University leaders felt a necessity to justify themselves, resorting to most
of the worn out clichés by which they have repeatedly justified their
abysmal behavior in recent years. Among other excuses, Columbia’s defenders
claim a “First Amendment issue,” along with their predictable mantra that
“universities exist for the purpose of freely and openly exchanging all
ideas, no matter how outrageous they may be.”
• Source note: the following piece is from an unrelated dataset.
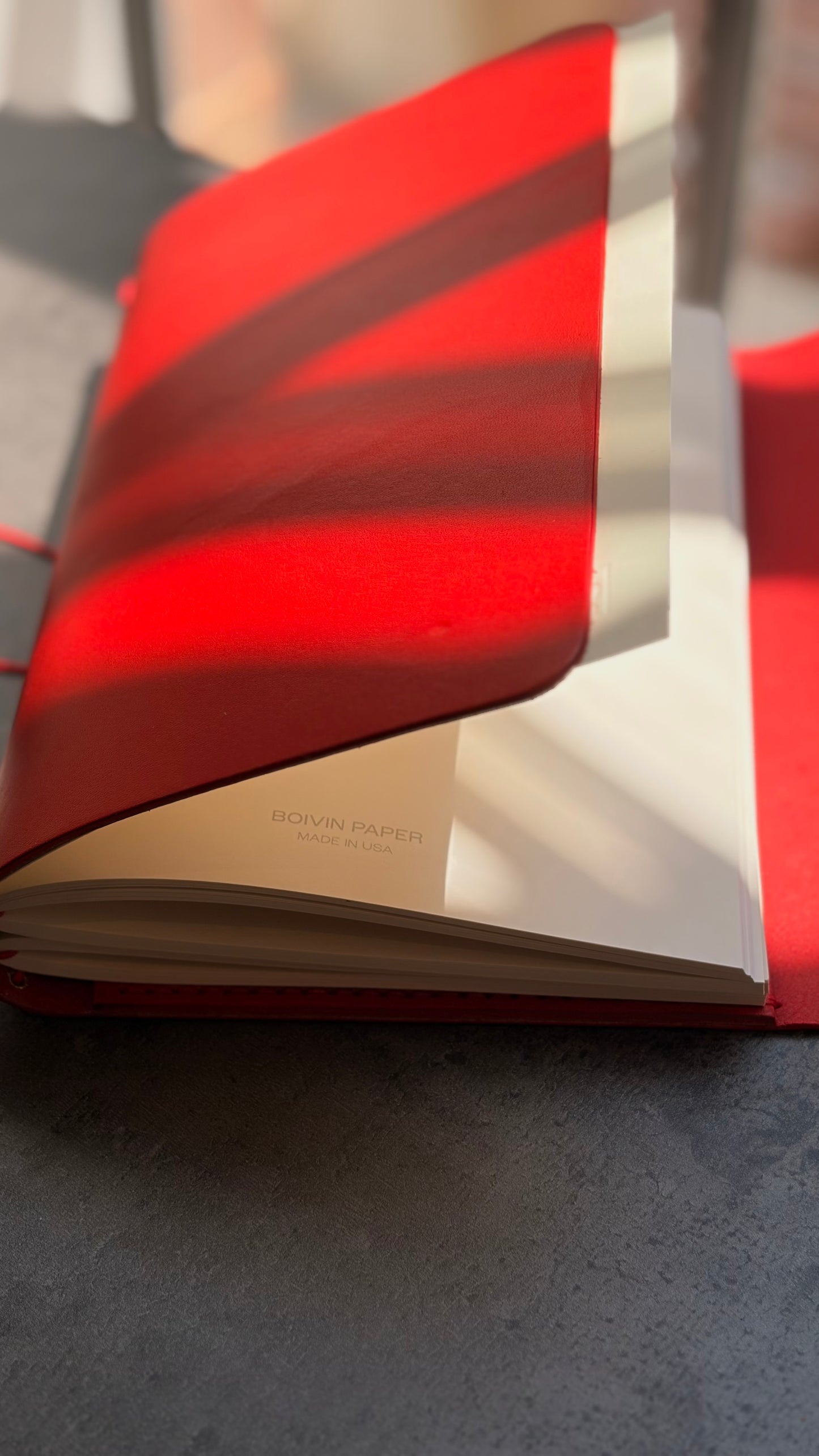 Trifold | Archive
To begin with, the First Amendment was not the product of a committee of
bloodthirsty mullahs intending to confer it upon all humanity. Rather, it
resulted from the measured thought and reason of a handful of God-fearing
men who, as a result of their Christian perspective on the inalienable
rights of man, sought to establish a nation in which such rights would be
protected among its citizens.
In their most twisted dreams, the founders never believed that the First
Amendment guaranteed the “rights” of foreign dictators to defile American
soil and American institutions in their effort to propagandize the populace
and thus annihilate it.
Furthermore, it is a relatively recent liberal myth that universities exist
for the “unfettered exchange of ideas.” Plenty of that can occur, and with
equally worthy results, down at the local bar. Yet this notion has been
repeated so often and so emphatically that eventually, even traditional
America has largely bought into it.
But America’s universities were not instituted at great expense and
sacrifice so the thinking within their halls could be devoid of any
connection to reality or consequence.
Nor were they conceived as places where every youthful absurdity would be
granted equal credence with the tested and proven truths of human
experience. And they were certainly never intended as cesspools of treason,
relentlessly devoted to the destruction of the nation whose citizens are
nonetheless forced to lavishly fund them.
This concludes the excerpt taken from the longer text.